> [EXERCISE INPUT]:
************
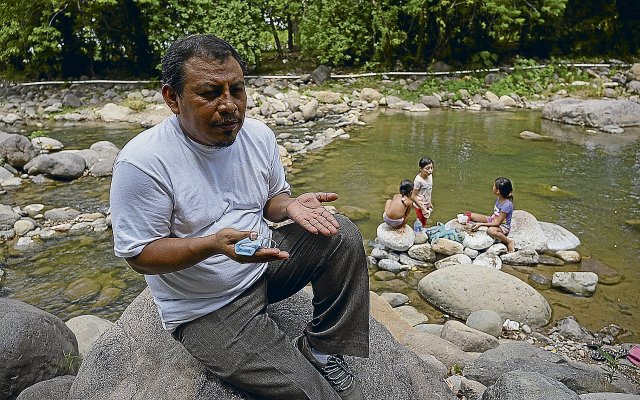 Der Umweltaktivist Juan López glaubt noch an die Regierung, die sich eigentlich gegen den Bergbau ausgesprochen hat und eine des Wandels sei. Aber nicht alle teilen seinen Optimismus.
************
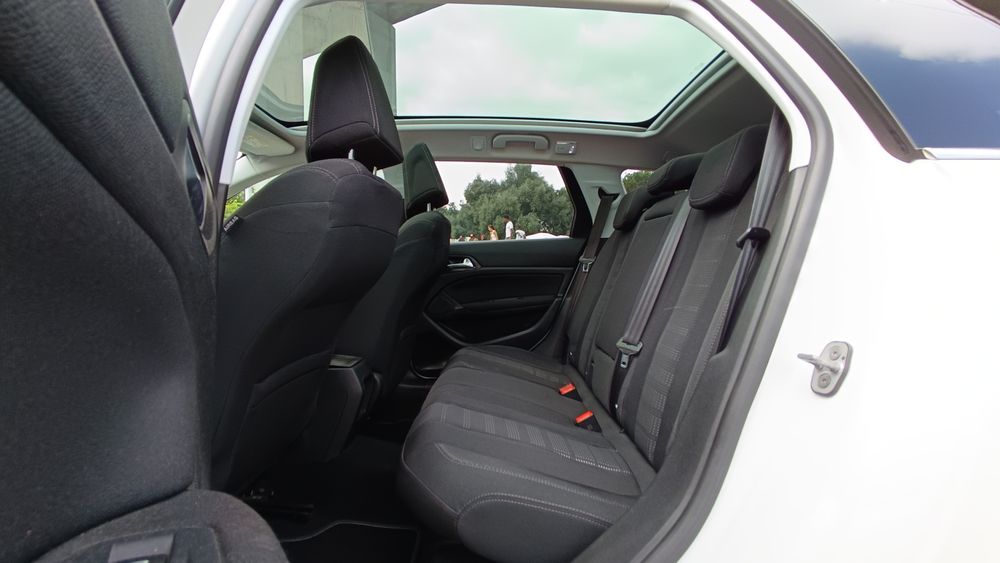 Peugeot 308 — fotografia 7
************
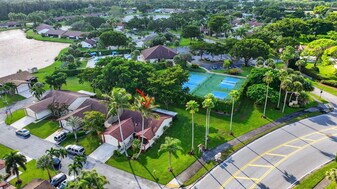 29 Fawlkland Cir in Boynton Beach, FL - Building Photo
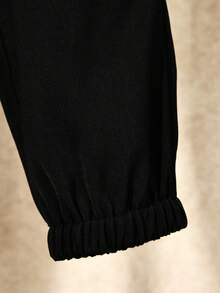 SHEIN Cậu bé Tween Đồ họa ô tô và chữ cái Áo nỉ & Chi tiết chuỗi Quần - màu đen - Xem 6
************
> [TASK BRIEF]:
Starting at the line with "29 Fawlkland Cir" in the entries above, write out every line exactly until the line with "SHEIN Cậu bé" has been written. Include no pictures and nothing more.

> [REPLY]:
 29 Fawlkland Cir in Boynton Beach, FL - Building Photo
 SHEIN Cậu bé Tween Đồ họa ô tô và chữ cái Áo nỉ & Chi tiết chuỗi Quần - màu đen - Xem 6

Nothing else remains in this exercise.